Here’s an embarrassing example. Just before presenting a workshop on personal communication to a group of business owners, I sent the group leader a one-page outline citing my seven strategies. He forwarded the document to the group. So on workshop day I compressed my introductory remarks and jumped right into things. Then one entrepreneur stopped me cold. He asked what I was there to talk about.
I explained, it’s about those seven strategies. And he said, “what strategies?” "It was in the memo you got last week," I said. “Well, I didn't read it,” he said indignantly. “Did anyone else read it?”
He looked around the room. Not one entrepreneur put up their hand. Even the leader said, “I just skimmed it.”

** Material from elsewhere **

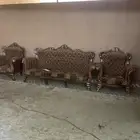 كنب مكون اربع كرسي نفر وكرسي كبير ثلاث انفار مع طاوله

“We’re busy people,” said the first entrepreneur. He made it clear I had erred in assuming this group had read an email addressed to them about a meeting they’d be attending. And he was right. I had violated one of my own cardinal rules of communication. I had assumed my audience knew what I was talking about.
Many marketers make the same mistake. They assume their target market knows what business they're in. They assume their customers know what services they offer. They assume prospects understand the benefits of dealing with them.
Never take any of that for granted. You have to explain yourself, anew, every time. You have to explicitly describe the benefits you offer clients. Because they have no interest in knowing anything about you until you’ve proven you can help them. So they won't be listening until they need you - and when they do, you need to be speaking their language, not yours.
As they say in the shampoo business, "Lather. Rinse. Repeat."